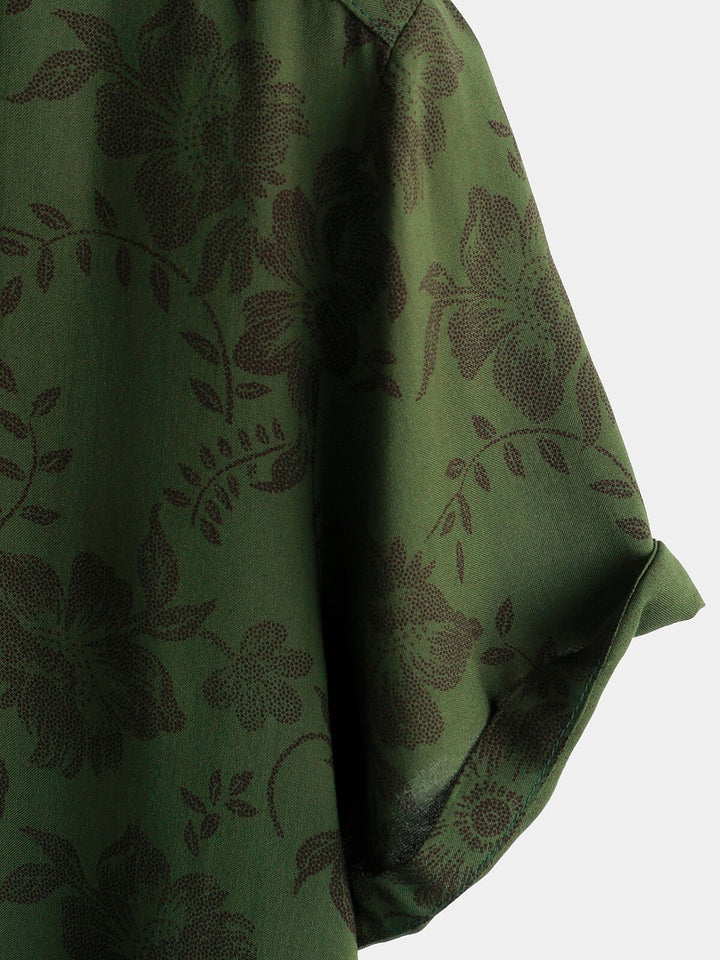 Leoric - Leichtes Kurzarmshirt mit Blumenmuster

* * *

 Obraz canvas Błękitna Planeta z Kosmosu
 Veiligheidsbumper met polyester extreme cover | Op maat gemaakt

WHAT IS EXPECTED: Using the data above, print exactly the lines from the line that contains "Obraz canvas Błękitna Planeta z Kosmosu" through the line that contains "Veiligheidsbumper met polyester", with both included.

REPLY:
 Obraz canvas Błękitna Planeta z Kosmosu
 Veiligheidsbumper met polyester extreme cover | Op maat gemaakt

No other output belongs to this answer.